Though it’s hard to imagine this line drawing many laughs outside a philosophers’ convention, Archbishop Anthony Fisher could be thought of as the punchline of a joke about how many Thomists it takes to turn an archdiocese around.

A Dominican and an avowed disciple of St. Thomas Aquinas in terms of his intellectual formation, the 58-year-old Fisher took over in Sydney, Australia in 2014 after the controversial Cardinal George Pell left for Rome. He came into office just as a mammoth government-sponsored “Royal Commission into Institutional Responses to Child Sexual Abuse” was heating up, a four-year probe that put a grueling spotlight on the Church’s failures when it comes to abuse, both in terms of the crime and the cover-up.

Along the way, Fisher also saw his predecessor and mentor, Pell, testify before that commission and eventually face charges for “historical sexual offenses” himself, charges which Pell vigorously disputes.

Throughout it all, Fisher has tried to bring his preternaturally calm demeanor and his penetrating intellect to the task of keeping the Church on course in one of the world’s most egalitarian and secular cultures, and a place especially scarred by the abuse scandals.

Most recently, Fisher was part of the Australian bishops’ response to a series of reform recommendations delivered by the Royal Commission. The bishops accepted the vast majority, but they stirred yet another domestic firestorm by refusing to countenance any compromise to the seal of confession - generating incomprehension and, in some quarters, outrage by refusing to direct priests to report cases of child abuse they may learn about in the context of the sacrament.

Referring to the row over eroding the confessional seal, Fisher used a bit of Aussie-speak in terming it a “huge furphy” - meaning, a distraction that would either have no impact at all on solving child abuse, or actually make the situation worse.

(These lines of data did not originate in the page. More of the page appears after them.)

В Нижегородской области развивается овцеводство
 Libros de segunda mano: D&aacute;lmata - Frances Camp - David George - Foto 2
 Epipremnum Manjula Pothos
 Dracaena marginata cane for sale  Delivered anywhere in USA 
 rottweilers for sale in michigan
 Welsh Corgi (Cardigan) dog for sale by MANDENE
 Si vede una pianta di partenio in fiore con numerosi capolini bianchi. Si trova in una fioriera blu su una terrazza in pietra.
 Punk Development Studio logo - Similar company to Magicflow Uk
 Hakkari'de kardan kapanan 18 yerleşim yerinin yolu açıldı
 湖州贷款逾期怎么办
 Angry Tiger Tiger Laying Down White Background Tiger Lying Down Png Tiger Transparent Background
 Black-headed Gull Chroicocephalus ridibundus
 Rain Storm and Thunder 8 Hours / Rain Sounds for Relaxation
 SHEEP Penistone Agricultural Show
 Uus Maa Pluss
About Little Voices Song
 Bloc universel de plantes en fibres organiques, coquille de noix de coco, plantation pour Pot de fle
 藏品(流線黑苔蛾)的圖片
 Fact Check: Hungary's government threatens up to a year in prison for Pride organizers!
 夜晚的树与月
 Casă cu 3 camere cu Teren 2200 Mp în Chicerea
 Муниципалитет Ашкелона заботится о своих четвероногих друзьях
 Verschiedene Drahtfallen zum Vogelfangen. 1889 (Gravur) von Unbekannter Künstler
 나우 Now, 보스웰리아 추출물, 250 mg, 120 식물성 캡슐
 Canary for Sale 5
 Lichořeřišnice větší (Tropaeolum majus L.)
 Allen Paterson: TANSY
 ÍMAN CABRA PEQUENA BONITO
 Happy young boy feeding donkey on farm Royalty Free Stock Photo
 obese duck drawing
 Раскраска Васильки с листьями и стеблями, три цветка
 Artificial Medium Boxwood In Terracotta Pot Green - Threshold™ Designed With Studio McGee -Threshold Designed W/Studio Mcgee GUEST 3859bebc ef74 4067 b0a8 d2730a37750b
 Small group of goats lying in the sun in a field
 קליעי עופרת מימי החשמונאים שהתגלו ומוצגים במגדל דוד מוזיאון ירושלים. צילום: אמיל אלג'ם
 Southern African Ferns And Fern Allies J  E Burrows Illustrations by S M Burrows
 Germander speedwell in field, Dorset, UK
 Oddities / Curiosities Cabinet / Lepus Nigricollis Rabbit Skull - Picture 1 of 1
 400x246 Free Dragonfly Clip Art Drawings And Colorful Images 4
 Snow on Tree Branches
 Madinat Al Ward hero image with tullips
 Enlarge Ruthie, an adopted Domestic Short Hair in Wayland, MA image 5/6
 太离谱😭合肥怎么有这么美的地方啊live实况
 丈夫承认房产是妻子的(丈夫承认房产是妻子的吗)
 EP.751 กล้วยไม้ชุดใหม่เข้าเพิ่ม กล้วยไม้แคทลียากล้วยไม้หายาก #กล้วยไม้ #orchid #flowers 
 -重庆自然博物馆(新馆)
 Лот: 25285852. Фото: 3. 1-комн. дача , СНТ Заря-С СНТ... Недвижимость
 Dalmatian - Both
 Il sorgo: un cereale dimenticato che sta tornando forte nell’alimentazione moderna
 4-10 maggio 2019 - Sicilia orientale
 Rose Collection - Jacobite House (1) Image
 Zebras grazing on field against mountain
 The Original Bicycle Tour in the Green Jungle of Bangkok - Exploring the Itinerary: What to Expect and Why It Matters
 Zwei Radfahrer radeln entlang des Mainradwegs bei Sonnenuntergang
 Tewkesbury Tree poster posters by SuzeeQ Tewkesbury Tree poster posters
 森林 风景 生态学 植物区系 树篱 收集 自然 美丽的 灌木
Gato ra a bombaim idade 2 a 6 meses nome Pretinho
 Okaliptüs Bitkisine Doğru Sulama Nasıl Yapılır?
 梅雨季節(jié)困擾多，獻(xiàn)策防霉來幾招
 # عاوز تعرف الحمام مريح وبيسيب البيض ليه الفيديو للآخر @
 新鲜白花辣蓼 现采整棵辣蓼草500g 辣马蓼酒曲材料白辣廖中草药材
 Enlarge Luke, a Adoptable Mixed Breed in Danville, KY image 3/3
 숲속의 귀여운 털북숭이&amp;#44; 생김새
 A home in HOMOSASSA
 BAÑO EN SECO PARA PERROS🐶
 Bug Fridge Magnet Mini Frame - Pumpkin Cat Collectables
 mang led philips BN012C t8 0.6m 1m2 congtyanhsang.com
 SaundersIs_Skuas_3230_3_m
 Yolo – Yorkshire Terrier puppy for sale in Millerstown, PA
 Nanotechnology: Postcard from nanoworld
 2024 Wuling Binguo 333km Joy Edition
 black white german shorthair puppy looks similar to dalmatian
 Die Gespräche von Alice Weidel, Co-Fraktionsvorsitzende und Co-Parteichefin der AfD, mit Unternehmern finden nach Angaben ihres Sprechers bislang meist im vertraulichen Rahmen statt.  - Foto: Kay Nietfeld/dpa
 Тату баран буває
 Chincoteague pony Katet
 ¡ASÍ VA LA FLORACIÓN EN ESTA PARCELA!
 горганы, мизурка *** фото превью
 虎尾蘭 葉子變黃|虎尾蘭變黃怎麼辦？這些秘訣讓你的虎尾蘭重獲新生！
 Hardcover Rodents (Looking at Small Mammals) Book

Recently, Fisher sat down with Crux in his Sydney residence to discuss the controversy over confession, the broader state of the reform effort on the abuse scandals, and the prospects for the Church “Down Under.”

Crux: What’s your reading of reaction to the bishops’ response?

Fisher: I think of the 81 recommendations from the Royal Commission that were either directed at the Catholic Church or which affect us because they affect all the churches, the fact that we were ready to say we accept entirely or in principle, or to refer to Rome those that can only be resolved by the Vatican, the vast majority, I think there was generally a good feeling about that in the community. I think there was probably a fear in some quarters that we were going to block half of them, or a third, or whatever, and the fact that we accepted or accepted in principle 98 percent was, I think, good news amongst our own people and the broader community too.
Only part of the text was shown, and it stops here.